Falling snow and a falling loonie have meant Minot’s marketing machine is kicking into high gear.
Attracting western Manitobans to the North Dakota city is already a challenge during the dead winter months following Christmas. But a weak Canadian dollar — which ended the week at 91 cents US — is also working against the modest American shopping destination.
Wendy Howe, executive director of Visit Minot, said visitor traffic is slower this time of year but the city’s tourism bureau has seen an “uptick” in Canadian traffic.
“What we’re hearing from Canadians is they’re still finding a lot of great deals in Minot,” she said. “Our visitors are saying there’s more reasons to come to Minot.”

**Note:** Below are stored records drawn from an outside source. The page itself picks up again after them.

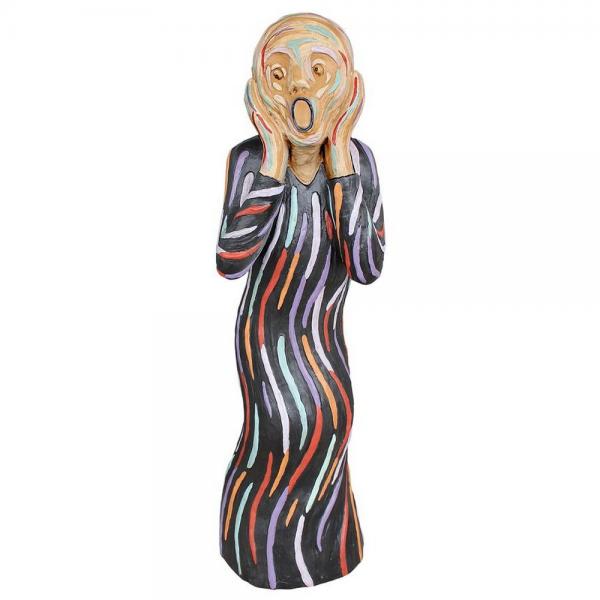 Large The Silent Scream Statue plus freight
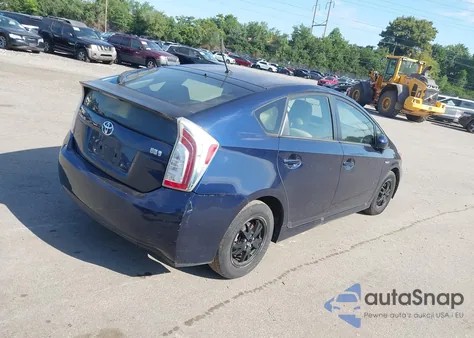 2012 Toyota Prius Two из США, поврежденный, VIN JTDKN3DU5C1537034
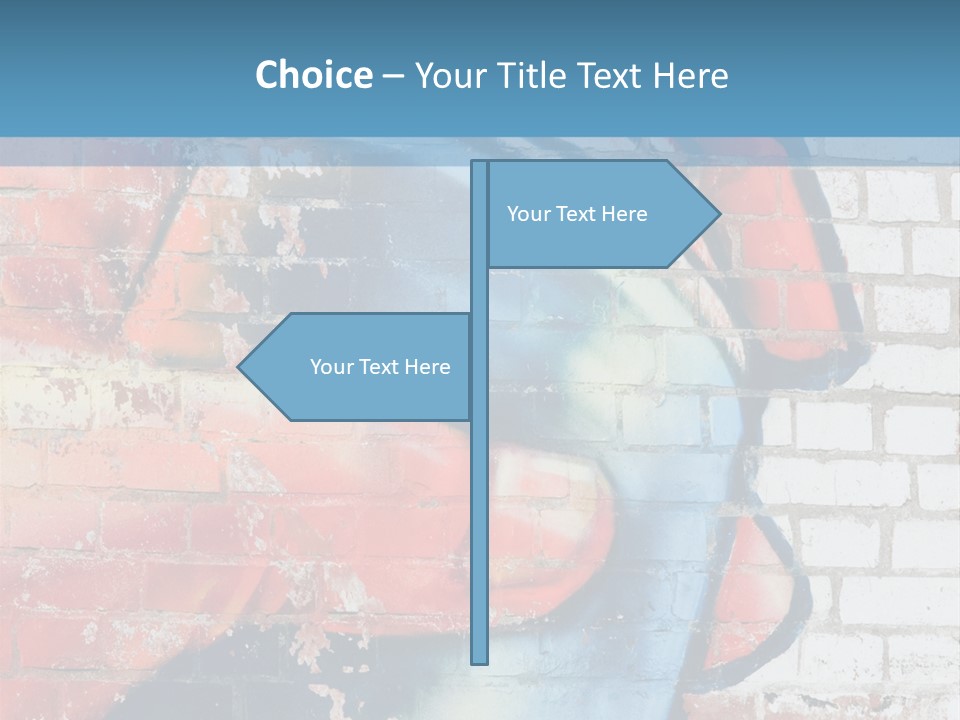 Abstract Idea Deface PowerPoint Template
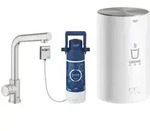 GROHE Red Mono Standventil und Boiler Gr&ouml;&szlig;e M, Standventil mit L-Auslauf 30339001,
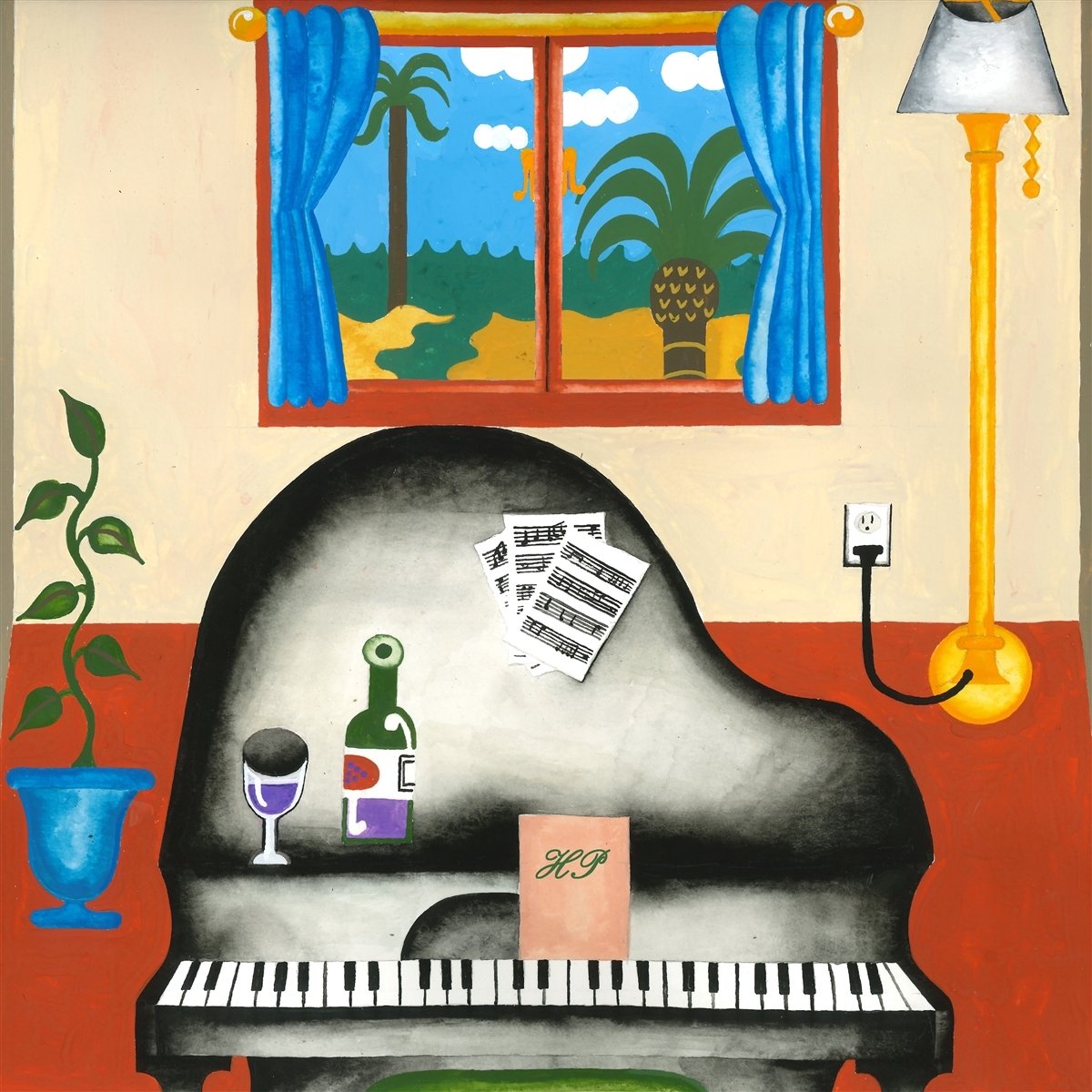 Healing Potpourri - Blanket Of Calm (LP) (Coloured Vinyl) (Limited Edition)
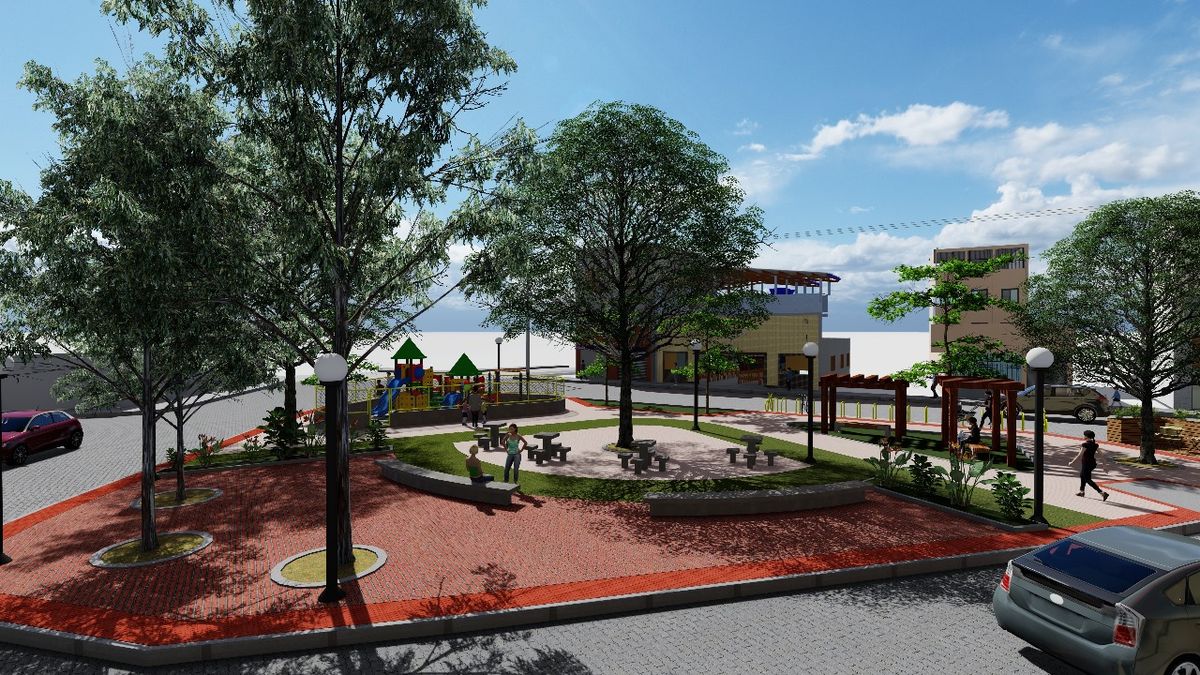 Polo gastronômico vai ganhar cara nova em Cariacica; veja como ficará por Prefeitura de Cariacica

The number of hotel rooms in Minot has just about doubled in the last three years to 3,000, which Howe said is driving down room rates. As well, a few new restaurants are also aimed at drawing bigger shopping crowds.
“Hotels are hungry for business also, so they’re providing a lot of deals and weekend traffic is something they’re really focused on, so they’re offering a lot of deals and specials specifically targeted to Canadians to try and beef up that traffic.”
Craig Alexander, chief economist for TD Economics, recently said consumers could see the Canadian dollar slide as low as 85 cents US by mid-year — a level it hasn’t closed below since May 2009 — if the current environment continues, The Canadian Press reported in January.
Howe said Minot’s tourism bureau is acutely aware of the faltering Canadian dollar and its marketing plan will be adjusted if the loonie continues to slide.
Wooing Canadian Prairie residents south is already big business for Minot and there’s only so much more it can do.
About $250,000 — nearly half of the small city’s tourism marketing cash — goes directly to Manitoba and Saskatchewan.
“We’ll add to that if we think we need to and we’ll be encouraging our stores and our hoteliers to do marketing of their own and to remind them that Canadians are going to be more dollar conscious as we get into the travel season,” Howe said.
“That’s the key to getting visitors back to Minot. Minot is becoming more of an option than it ever has been before.”